SCHUFA uses the following types of data to calculate its scores (although not every data type is included in each individual scoring process): general information (e. g. date of birth, gender and number of addresses used for the business transaction); payment problems to date; borrowing activity last year; use of loans; credit history length; and address information (only when a small amount of personal credit data can be collected). Certain information is neither saved nor taken into account during the scoring process in accordance with Art. 9 of the GDPR, e. g. details on a person’s nationality and particular types of personal data like ethnicity or political and religious beliefs. The assertion of rights contained in the GDPR, such as the inspection of SCHUFA’s stored information pursuant to Art. 15 of the GDPR, shall have no impact on the scoring process.
The submitted scores support contractual partners in their decision-making and risk management processes.
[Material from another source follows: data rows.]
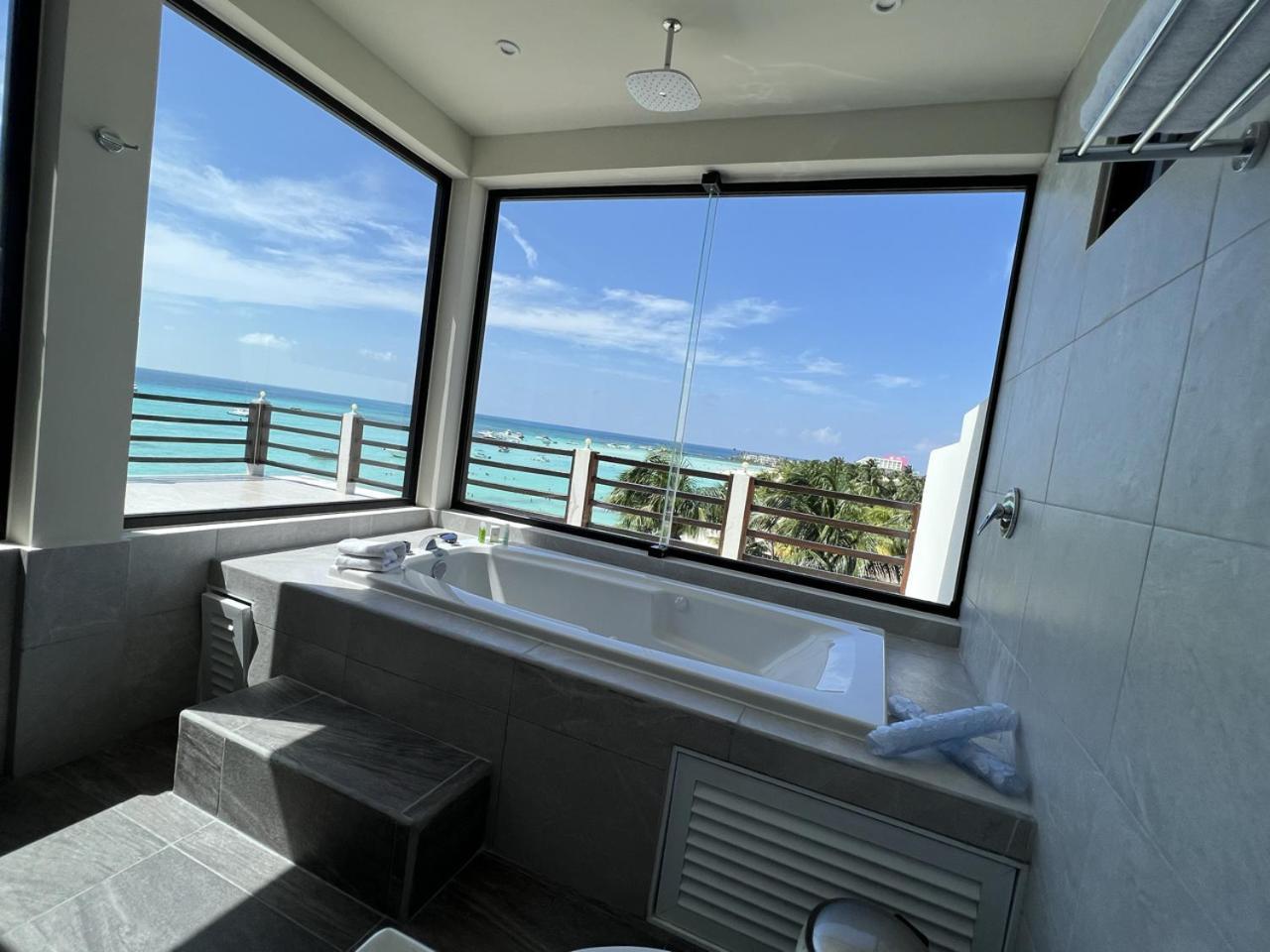 Cuxos Hotel Beachfront Исла-Мухерес Экстерьер фото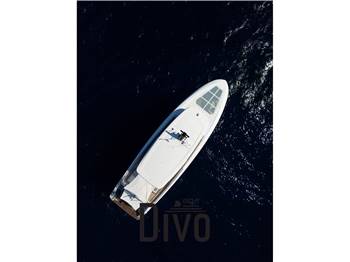 FERRETTI YACHTS INFYNITO 90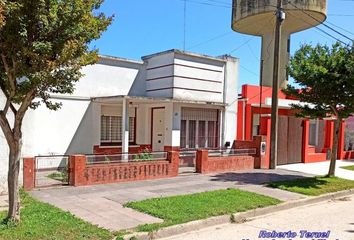 Casa en  Comandante Nicanor Otamendi, General Alvarado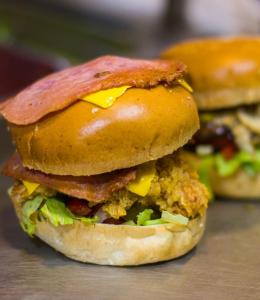 برای مشاهده تصویر بزرگتر کلیک کنید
A person’s creditworthiness and the associated level of risk shall then be assessed by the direct business partner alone as the
sole holder of extensive additional information, such as the details of a loan application. This shall also apply if the direct business partner relies exclusively on the information and scores provided by SCHUFA. In any case, the conclusion of a contract cannot be refused purely on the basis of a SCHUFA-Score.
More information on the scoring process for SCHUFA-Credit Reports and the detection of notable circumstances can be found at www.scoring-wissen.de.